(Records for processing begins)
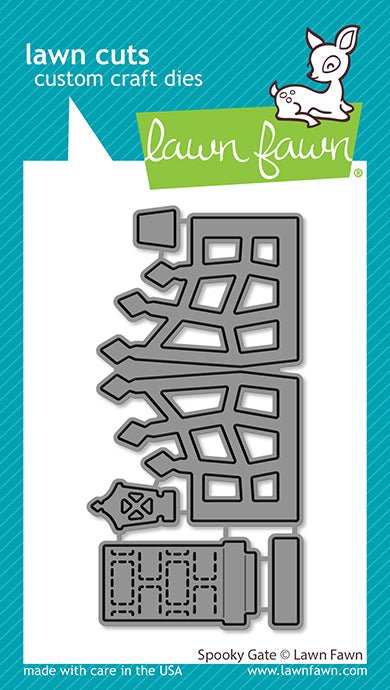 Lawn Fawn - Spooky Gate - Stand alone Stanzschablonen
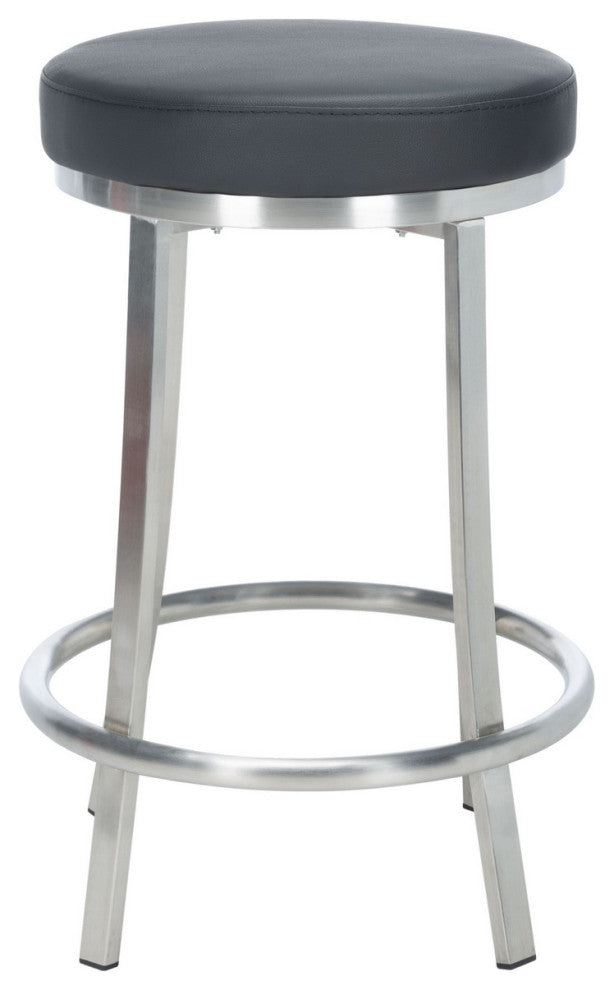 Safavieh Obito Swivel Counter Stool, Black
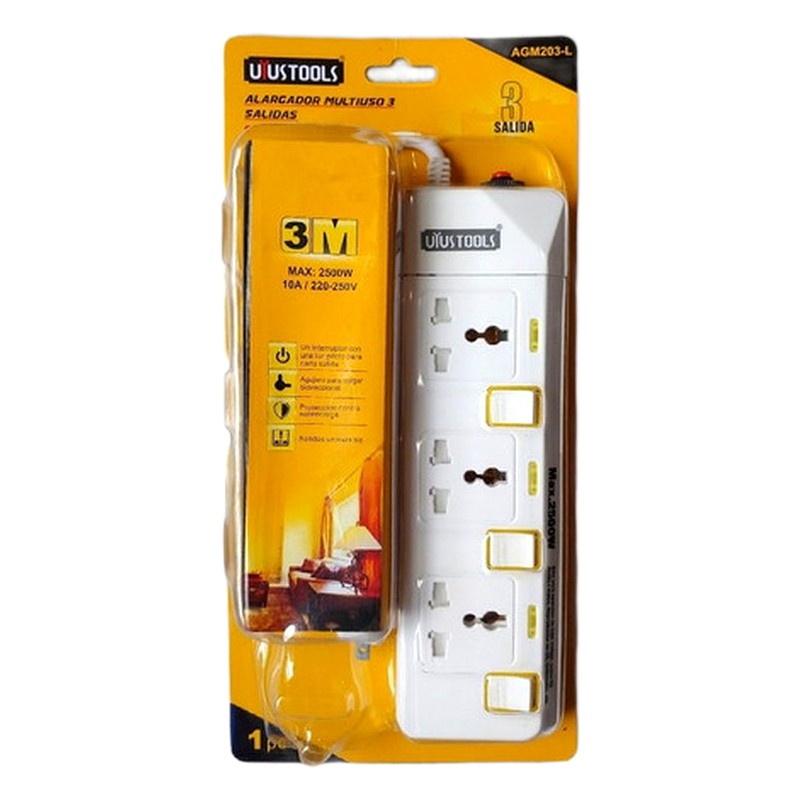 SUPRESOR ALARGADOR MULTIUSO 3 SALIDAS INDIV/ UYUSTOOLS AGM203-L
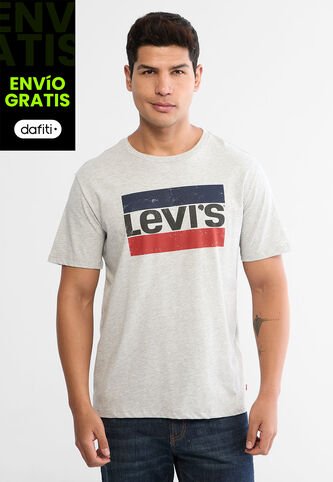 Camiseta  Levi's Gris Levis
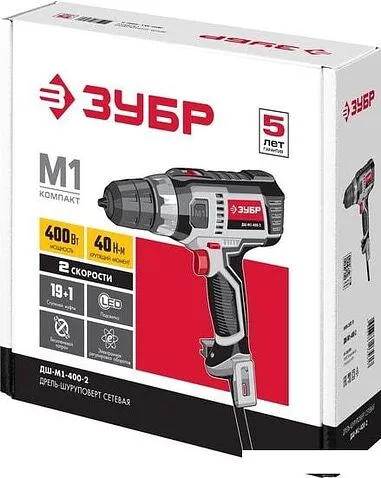 Шуруповерт Зубр ДШ-М1-400-2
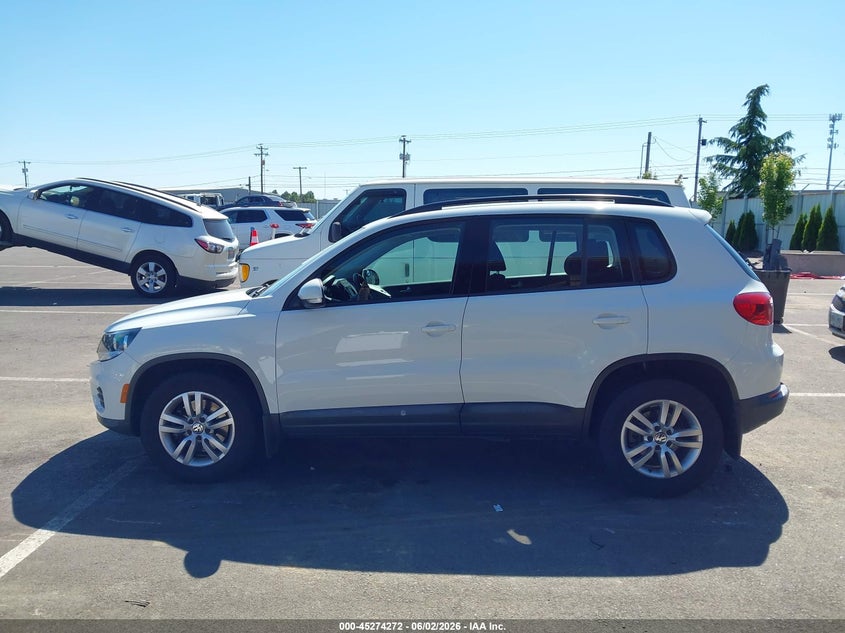 2015 Volkswagen Tiguan S VIN: WVGAV7AX1FW541473 Lot: 45274272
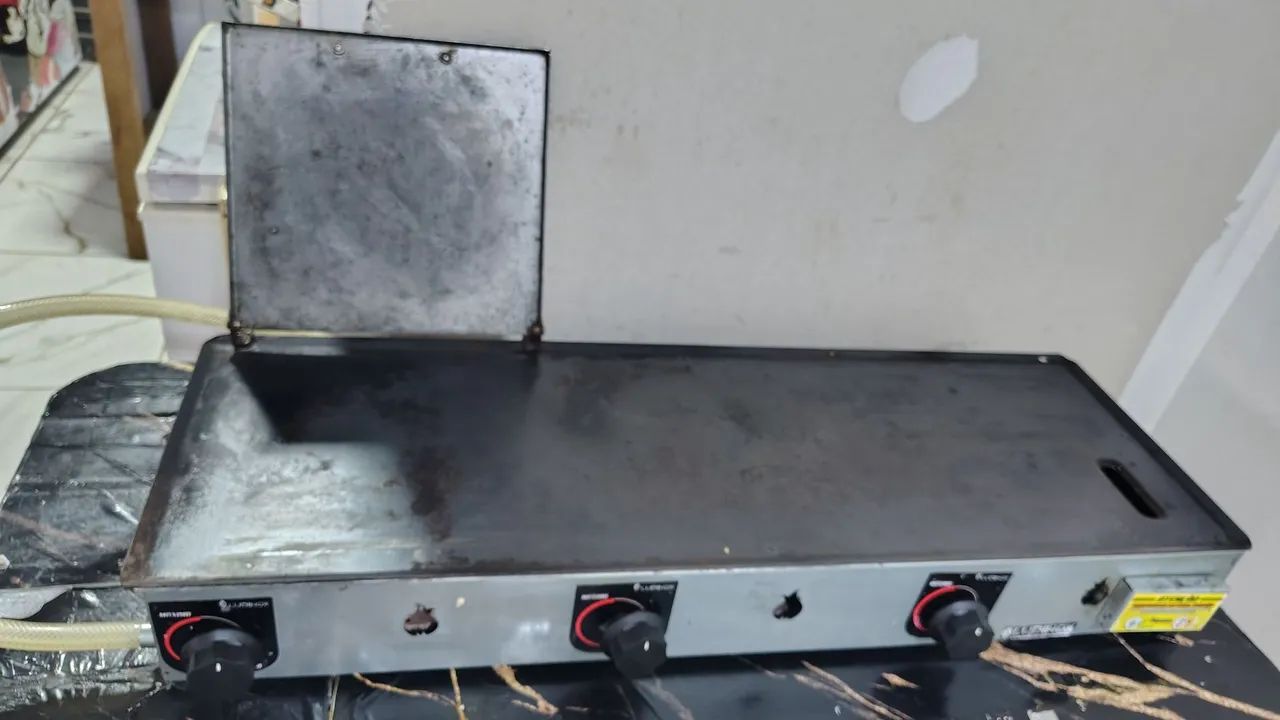 Vendo chapa, fritadeira,estufa  - Foto 5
(Records for processing ends)
Requirement: The result should be the same data as above, line for line, with the pictures gone.

Written solution:
 Lawn Fawn - Spooky Gate - Stand alone Stanzschablonen
 Safavieh Obito Swivel Counter Stool, Black
 SUPRESOR ALARGADOR MULTIUSO 3 SALIDAS INDIV/ UYUSTOOLS AGM203-L
 Camiseta  Levi's Gris Levis
 Шуруповерт Зубр ДШ-М1-400-2
 2015 Volkswagen Tiguan S VIN: WVGAV7AX1FW541473 Lot: 45274272
 Vendo chapa, fritadeira,estufa  - Foto 5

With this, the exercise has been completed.